En pyjama Spiderman et bavette en plastoc fatalement fendue en son milieu, il finit sa Danette, écrasant avec un soin professionnel la crème jaune vif sur son mignon visage.
– « Tu crois qu’il va neiger maman ? »
Vaguement, vous regardez par la fenêtre et vous rendez compte que bha oui tiens, il neige enfin.
– « Il neige, titi ! », vous dites.
Faisant voler en éclats le fonds du yahourt, il se jette alors sur vous, essuyant au passage son mignon visage, la Danette et le liquide qui s’écoule de la bavette fendue sur votre pull qui sort du pressing. Pas grave, il neige, quoi.
Vous le prenez dans vos bras, il passe les siens autour de votre cou mais ne voit rien, à travers la vitre un peu cracra que vous n’avez pas lavée au liquide bleu depuis une plombe.
Vous ouvrez la fenêtre.

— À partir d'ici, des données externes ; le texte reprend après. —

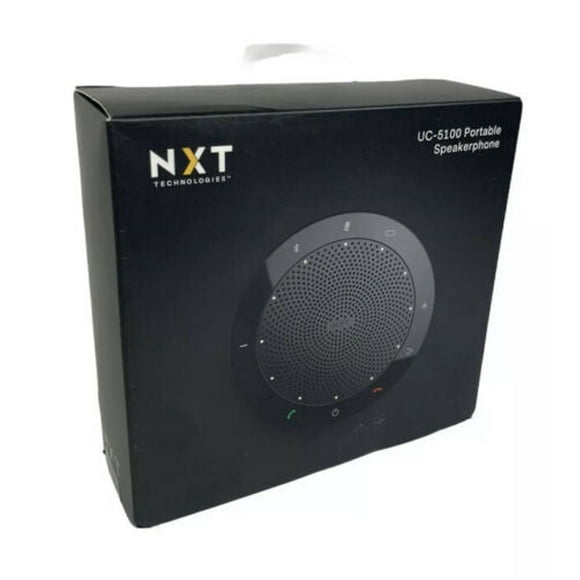 NXT Technologies UC-5100 Speakerphone - Black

Alors, le vent froid vient pincer vos joues rougeaudes ramollies par la chaleur de la cuisine. Les flocons tombent dru, virevoltent, et constellent le ciel noir de ce début de soirée d’hiver. Certains parviennent même à atteindre le garde-corps, s’y collant un instant, laissant apparaître le dessin délicat des cristaux si réguliers que même adulte, alors que vous en avez vus 1000 fois, vous peinez encore à croire en leur véracité tant ils ressemblent aux illustrations des livres d’enfants, ou au logo de l’ESF sur lesquels, de niveau en niveau, s’agrègent les étoiles.
Il se penche dans vos bras. Il veut les toucher, les flocons. Et pourtant, ils fondent si rapidement dans ses doigts qu’il pense qu’ils disparaissent. Et puis ça vous fait peur, qu’il se penche comme ça.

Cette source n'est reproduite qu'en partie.